Monday, 29 June 2009

History and Truth

Thinking about history, tradition, culture and spirit. Drawn to Arthur Hugh Clough's poetry..
"The thread of truth"

Truth is a golden thread, seen here and there
In small bright specks upon the visible side
Of our strange being's parti-coloured web.
How rich the universe! 'Tis a vein of ore
Emerging now and then on Earth's rude breast,
But flowing full below. Like islands set
At distant intervals on Ocean's face,
We see it on our course; but in the depths
The mystic colonnade unbroken keeps
Its faithful way, invisible but sure.
Oh, if it be so, wherefore do we men
Pass by so many marks, so little heeding?

Sunday, 28 June 2009

Diary of a weekend

Wednesday, 24 June 2009

Calm arpeggios

This is a bit of a mammoth improvisation. I thought of using the arpeggio idea from yesterday and doing something a bit more relaxed, and to tie it in with some nice calm videos of landscapes (and see what happens..). There is a combination of coercion (common patterns in arpeggios), disruption (in the rhythm particularly, and the shifts in harmony), and exhortation (in the changes in tone, moments of transformation). Quite like it.

Silly doodling

I'm just playing here...

Sunday, 21 June 2009

Sombre moments in Iran

This video is again capturing this moment in time. With excerpts from news reports and the web reports, together with Seigfried Sassoon's poetry. There's also an accelerando here. It's all very disrupting! Always pushing, a constant pattern, but always pushing, always disrupting. It can only go faster. This situation can only go one way - which is a reason to be sombre.

Saturday, 20 June 2009

Astrid on Iran and Twitter

A lot of tweets on Iran, the election and protests. A lot more could be said, hopefully everything helps.
Click twice to watch. Not the best screen capture, just starting to practice. ;-)

Iran

Quite a agressive improvisation today.. Hard to listen to. I tied it to some of the web news footage of what's going on in Iran at the moment. Hard to watch.

Wednesday, 17 June 2009

disruptive music

This is meant to be disruptive rather than coercive. That means more unpredictability - although there is pattern as well in small places, but it all keeps changing. What there isn't (I think) is transformation. Even the silence at the end isn't transformative. The silence is merely another disruption.

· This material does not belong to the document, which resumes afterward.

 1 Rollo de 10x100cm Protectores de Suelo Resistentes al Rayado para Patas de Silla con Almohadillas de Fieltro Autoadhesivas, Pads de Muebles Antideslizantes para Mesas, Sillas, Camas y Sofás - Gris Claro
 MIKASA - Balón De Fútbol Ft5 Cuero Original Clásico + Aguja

Must think about accelerandos and crescendos. I think they're continually disruptive too.

Coercive music

This music, which basically is a folk-like melody with varied accompaniment, is what I might have called last year 'grounded' music. I think I need to refine what this means.

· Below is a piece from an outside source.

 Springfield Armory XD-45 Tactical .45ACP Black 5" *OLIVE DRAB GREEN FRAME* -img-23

Basically, the 'grounding' occurs where there are predictable patterns established: regular tonal melodies, regular accompaniment. The open 5ths help to establish clear tonal centres, etc. This regularity I would now see as part of the 'System 3' coordination, or coercion. There is something quite assertive (coercive?) about an open 5th, or even a repeated melody. The response to it is like the response to figurative art: this is C major (in art, the equivalent might be "this is a horse"). It is a pattern which is established, which sets a clear expectation of what is to follow. As such, it is also quite comforting (and maybe as a result, creates the 'grounding' feeling of 'all is right in the world'; in essence this means 'all is predictable')

Izzy's animation

Izzy was really pleased with this at the weekend...

Monday, 15 June 2009

more exhortation, dying down...

This one starts with an exhortation but then it calms down.. In all the exhortation (continual transformation, tonally), there is a lot of disruption in the chromaticism of it all. Gradually, patterns assert themselves (particularly rhythmically) - this is coercive. In becoming more chordal, there is less disruption, and more coercion. The question is, is the final silence transformative..? Is silence always transformative (exhortational)?

Sunday, 14 June 2009

moving towards music theory

I'm feeling the need to articulate more fully how I think music works. I see it as a key example of a context for being human which we make through our being human. In this way it is no different from any other form of human activity.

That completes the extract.